Le comunità protestanti più radicali avevano teorizzato l'uguaglianza fra uomo e donna nella dimensione terrena. Una dimostrazione di ciò si ha durante la Rivoluzione inglese in cui le idee democratiche elaborate nelle sette religiose sono alla base di richieste di diritti da parte delle donne e - fatto nuovo - non di quelle appartenenti alle classi dominanti, ma, piuttosto, alle classi inferiori. In tal modo esse compivano un atto che era ritenuto sorprendente in quanto fino ad allora inaudito. Chiedevano, infatti, che fosse sovvertito il diritto patriarcale, ma erano mosse dalla convinzione che «Dio era dalla loro parte: poiché Dio era sempre disposto a ricevere le richieste di tutti, senza fare differenza tra le persone e dunque il Parlamento doveva comportarsi nello stesso modo».3
Come si può costatare la giustificazione ultima è di carattere etico - religioso; si rivendica, infatti, la coerenza fra i principi enunciati - l'uguaglianza degli esseri umani di fronte a Dio - e la condotta non solo privata, ma anche pubblica. Tale giustificazione non è recepita da parte degli uomini delle comunità religiose entro le quali era nata, ma la sua centralità non è neppure colta dalle autrici della Storia delle donne, perché si è perduta anche la memoria della spinta religiosa che era alla base delle rivendicazioni a causa del processo di laicizzazione che la cultura occidentale ha intrapreso. La rivendicazione dei diritti umani si è delineata in un contesto cristiano che proponeva, per lo meno a livello teorico, la dignità della persona umana.
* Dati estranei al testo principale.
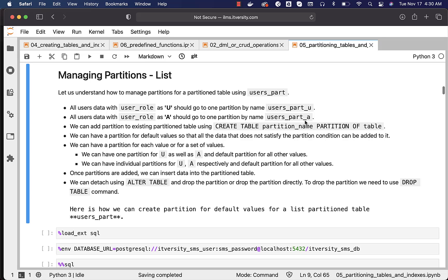Let us understand how to manage partitions for a partition table using the table created as part of the previous topic. The table name is users_part. When it comes to data in this table, records with user role 'u' should go to one partition and with user role 'a' should go to another partition. The partition names are users_part_u and users_part_a, where 'u' stands for user and 'a' stands for admin.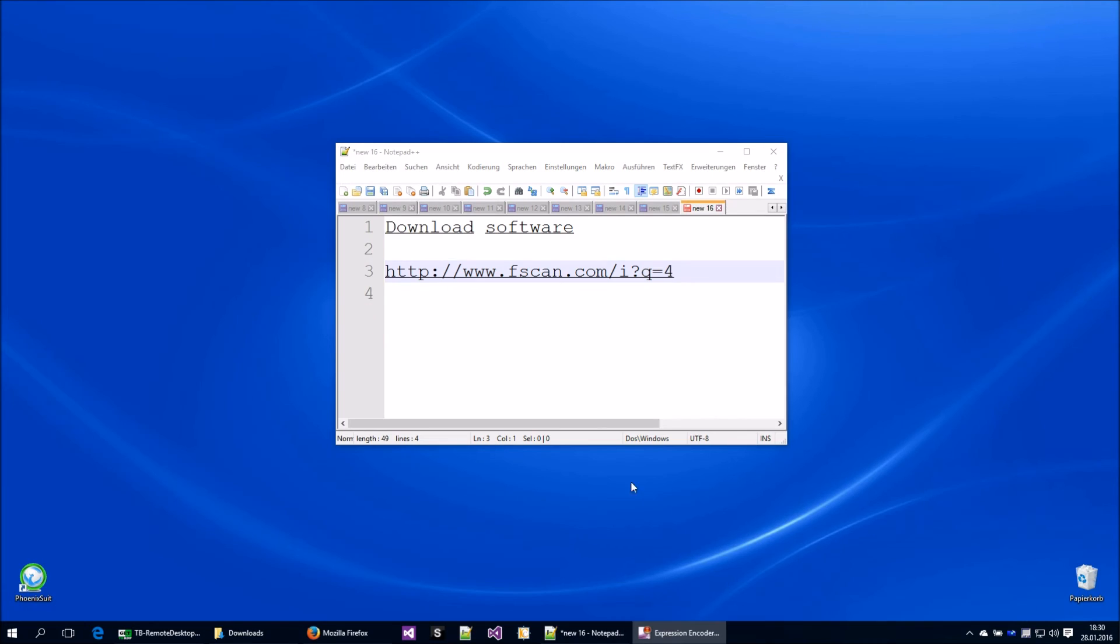First we need the software. Download the software from www.appscan.com, question Q is 4.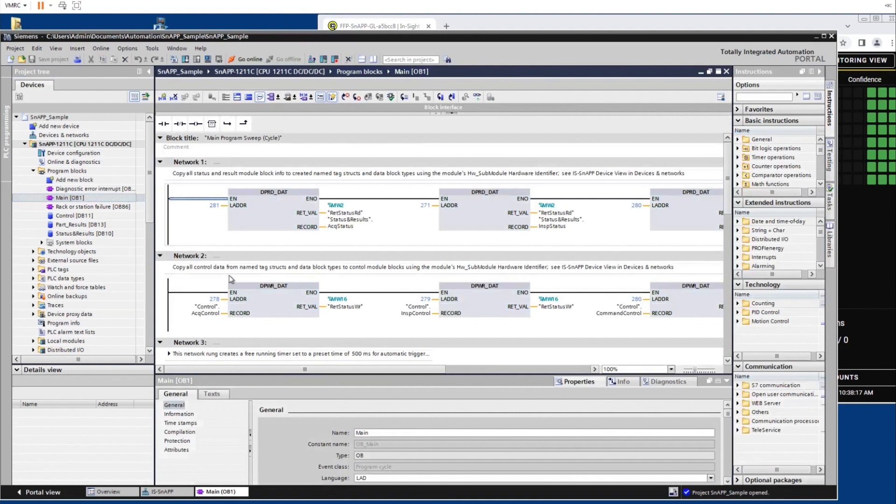Rungs are ladder logic elements which make up a rung routine that is part of the main task scan. It updates with input and output data. It can read inputs and set outputs from the PLC.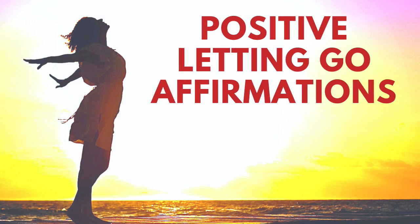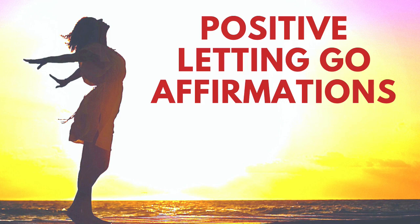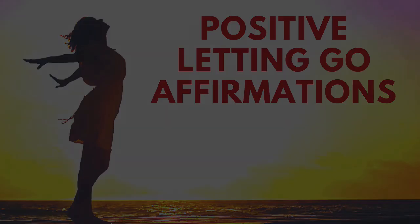Positive Affirmations for Letting Go. The purpose of this recording is to help you release anxiety, fear, doubt, and worry.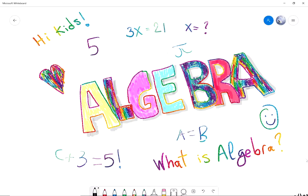Hello everyone, this is our first video about algebra. In this video we're going to talk about what is algebra, what does algebra mean, and what does algebra do.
Tutto ciò è chiaramente dimostrato dall'andamento della Rivoluzione inglese, viene laicizzato nella Rivoluzione francese e non bisogna dimenticare le origini puritane della Rivoluzione americana.
Le idee e le proposte elaborate confluiscono nei movimenti dell'Ottocento, ma anche in questo secolo non tutto ciò che era stato richiesto era stato ottenuto, pertanto era necessaria la rivendicazione del «diritto»: «[...] data la situazione in cui si trovavano le donne nel XIX secolo, da qualunque prospettiva si guardasse il soggetto - il lavoro, i costumi, l'educazione, la coppia - [...] prima o poi si presentava la questione del Diritto, un diritto da rifiutare o accordare».4
Questa tensione genera la nascita dei movimenti femministi.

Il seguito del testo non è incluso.